Disruptive mood dysregulation disorder must first manifest before the age of ten, and symptoms must last for at least a year in at least two contexts (such as at home, school, and among peers). Males experience disruptive mood dysregulation disorder substantially more frequently than females do. Other disorders include major depression, attention-deficit/hyperactivity, anxiety, and behavioral disorders may coexist with it.
Disruptive mood dysregulation disorder can significantly affect both the family and the child’s capacity to function. Outbursts of anger and chronic, extreme irritation can interfere with family life, make it difficult for a child or young person to find or maintain friends, and cause issues at school.

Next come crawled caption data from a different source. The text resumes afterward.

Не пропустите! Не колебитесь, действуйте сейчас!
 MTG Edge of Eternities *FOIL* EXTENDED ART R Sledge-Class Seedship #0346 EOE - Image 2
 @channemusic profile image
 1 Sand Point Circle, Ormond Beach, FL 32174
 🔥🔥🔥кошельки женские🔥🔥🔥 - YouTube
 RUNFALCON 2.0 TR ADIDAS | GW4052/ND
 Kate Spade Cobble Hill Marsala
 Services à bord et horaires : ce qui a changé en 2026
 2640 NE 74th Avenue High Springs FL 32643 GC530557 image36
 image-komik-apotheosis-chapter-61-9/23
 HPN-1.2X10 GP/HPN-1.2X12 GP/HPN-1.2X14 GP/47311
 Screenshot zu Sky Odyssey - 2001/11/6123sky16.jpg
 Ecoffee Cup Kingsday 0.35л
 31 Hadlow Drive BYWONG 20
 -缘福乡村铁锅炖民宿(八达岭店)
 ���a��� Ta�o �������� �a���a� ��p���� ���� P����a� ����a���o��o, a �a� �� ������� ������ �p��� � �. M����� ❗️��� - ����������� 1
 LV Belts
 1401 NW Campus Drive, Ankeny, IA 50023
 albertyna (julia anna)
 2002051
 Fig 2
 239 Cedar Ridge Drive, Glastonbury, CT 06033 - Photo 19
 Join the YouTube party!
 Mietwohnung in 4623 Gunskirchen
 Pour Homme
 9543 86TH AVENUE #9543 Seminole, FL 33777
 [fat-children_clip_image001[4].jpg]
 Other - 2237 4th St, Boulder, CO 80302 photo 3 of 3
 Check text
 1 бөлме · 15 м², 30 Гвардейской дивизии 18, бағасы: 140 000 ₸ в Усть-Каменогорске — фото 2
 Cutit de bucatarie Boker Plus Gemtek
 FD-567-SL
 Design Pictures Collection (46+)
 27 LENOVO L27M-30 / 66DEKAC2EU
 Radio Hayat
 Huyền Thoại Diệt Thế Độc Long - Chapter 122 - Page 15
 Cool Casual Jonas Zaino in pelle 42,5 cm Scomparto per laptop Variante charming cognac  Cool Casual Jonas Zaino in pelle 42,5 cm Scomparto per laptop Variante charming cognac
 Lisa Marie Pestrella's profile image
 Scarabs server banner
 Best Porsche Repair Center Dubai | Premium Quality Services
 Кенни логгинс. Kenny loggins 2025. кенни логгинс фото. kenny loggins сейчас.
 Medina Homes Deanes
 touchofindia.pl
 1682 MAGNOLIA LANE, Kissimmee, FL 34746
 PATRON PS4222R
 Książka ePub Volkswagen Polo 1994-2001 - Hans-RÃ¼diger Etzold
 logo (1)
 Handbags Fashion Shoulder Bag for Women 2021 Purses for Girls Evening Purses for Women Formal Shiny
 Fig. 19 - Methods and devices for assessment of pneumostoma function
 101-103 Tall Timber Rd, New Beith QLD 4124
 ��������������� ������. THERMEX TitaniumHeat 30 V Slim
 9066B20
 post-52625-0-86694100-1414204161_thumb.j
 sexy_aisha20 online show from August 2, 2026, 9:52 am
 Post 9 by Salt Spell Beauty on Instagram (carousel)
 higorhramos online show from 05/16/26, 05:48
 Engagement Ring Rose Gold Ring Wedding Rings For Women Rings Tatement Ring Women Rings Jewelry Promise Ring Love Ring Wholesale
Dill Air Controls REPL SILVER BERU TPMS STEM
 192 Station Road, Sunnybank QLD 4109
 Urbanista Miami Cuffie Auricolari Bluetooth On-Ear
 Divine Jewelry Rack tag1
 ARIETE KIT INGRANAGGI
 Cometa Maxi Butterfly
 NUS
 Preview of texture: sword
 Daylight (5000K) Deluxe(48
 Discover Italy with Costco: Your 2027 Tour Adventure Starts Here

Psychotherapy (also known as cognitive behavior therapy) and/or medicines are frequently used in treatment.
Persistent Depressive Disorder.
For at least two years, a person with persistent depressive illness, also known as dysthymic disorder, feels down most of the day. The mood must last for at least a year and might be either irritated or melancholy in children and adolescents.
Symptoms, in addition to a depressed mood, include:
- Overeating or having a poor appetite
- Hypersomnia or insomnia
- Lack of vigor or weariness
- a low sense of self
- Having trouble focusing or making judgments
- a sense of helplessness
An estimated 0.5% of adults in the United States suffer with persistent depressive illness each year, which frequently starts in childhood, adolescence, or early adulthood. People who have persistent depressive disorder frequently describe their mood as melancholy or depressed. Because these symptoms have been a regular part of the person’s life, they could choose not to seek help because they believe “I’ve always been this way.”
Significant anxiety or difficulty is brought on by the symptoms at work, in social situations, or in other crucial areas of functioning. Although the impacts of persistent depressive disorder on employment, interpersonal connections, and daily living can vary greatly, they can be comparable to or even higher than those of major depressive disorder.
A severe depressive episode may occur before the development of persistent depressive disorder, but it can also happen after a previous diagnosis of persistent depression disorder and be overlaid on it.